Bermuda Junior Golfer Elizabeth Parsons came back from a three-shot deficit after the first round to win the 2012 Nova Scotia Golf Association Girls Midget Championship at Abercrombie Country Club.
After two days of golf Parsons dethroned the reigning title-holder Alison Chandler by one stroke.
“Allison Chandler is extremely good competition, so to play against her and to actually win was kind of a shock,” said the 14-year old Parsons. “I thought she was beating me but to find out I had beaten her by four strokes (on the final day) was kind of shocking and I was excited when I realized I had won.”

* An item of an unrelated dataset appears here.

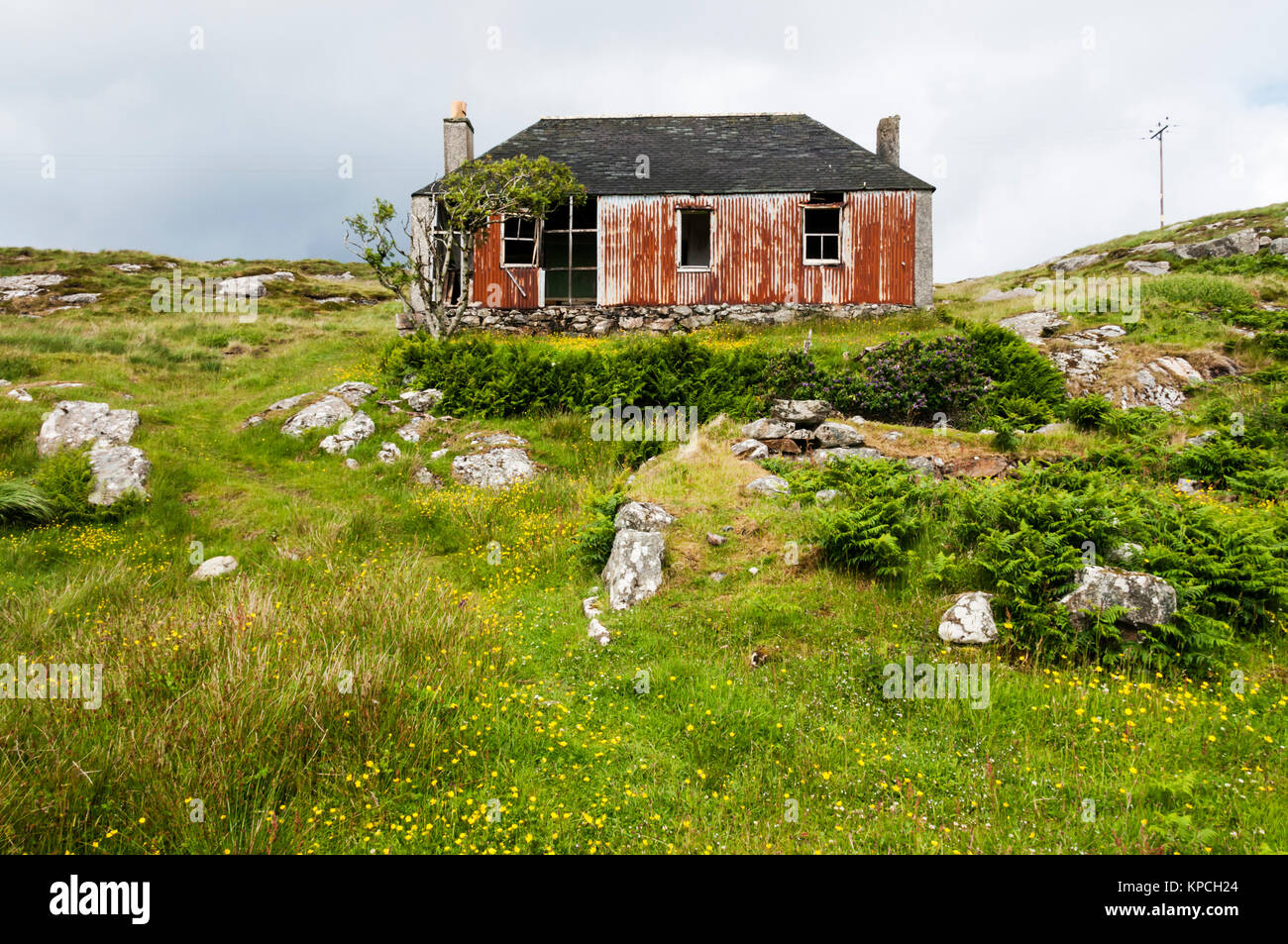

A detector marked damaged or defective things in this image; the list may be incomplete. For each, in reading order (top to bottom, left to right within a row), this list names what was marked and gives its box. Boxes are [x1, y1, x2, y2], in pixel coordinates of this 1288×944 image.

broken window [499, 216, 535, 264]
broken window [675, 209, 715, 268]
rusty corrugated metal wall [469, 189, 921, 307]
broken window [799, 206, 839, 262]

“I was just trying to play how I usually play, I wasn’t really focusing on winning,” she said. “But it was a little nerve wracking to have all those people watching me on the last green.”
It was her iron play that gave her the edge over Chandler.
“My iron play was solid,” said Parsons. “On most of the par-4s I was able to get onto the green using my irons, which probably helped me out.
“Putting was the most difficult part of the day but there were a couple putts I was able to sink that helped put me over the edge.”
Parsons lives in Bermuda but said, “My mom is from Halifax, so we have a cottage in Pugwash where we spend the summer.”
She started playing golf in Bermuda when she was five-years old and can drive the ball between 190 and 220 yards.
“The first time I played at Northumberland Links was probably when I was eight or nine,” she said.
“It’s a lot flatter here,” she said. “In Bermuda we have huge hills that come into play on our golf courses. I really enjoy playing up here.”
Asked to rate Northumberland Links to the courses in Bermuda on a scale of 1 to 10, Parsons said, “It’s probably at a 10 here actually because I find the difficulty is the same as Bermuda and the quality of the golf course and its condition is extremely good here.”
Few young girls play golf in Bermuda.
“I don’t normally play against girls, I normally play in women’s events, so to play against girls and be able to win is a really big deal for me,” she said.
“I compete in junior golf tournaments against the boys,” she said. “They’re really good…they give me a run for my money.
“The boys are very accepting of me playing because they know I’m able to play against them and that I do give them competition,” she added. “So they treat me like a guy, they don’t treat me like the little Elizabeth. I’m one of them.”
Parsons said her dad got her into golf, “and I kind of fell in love with it.”
All of her family attended Dalhousie University and her dream is to attend Dalhousie on a golf scholarship.
“I’d like to be a surgeon,” she said. “I love science and I love biology, and it’s something that really interests me.”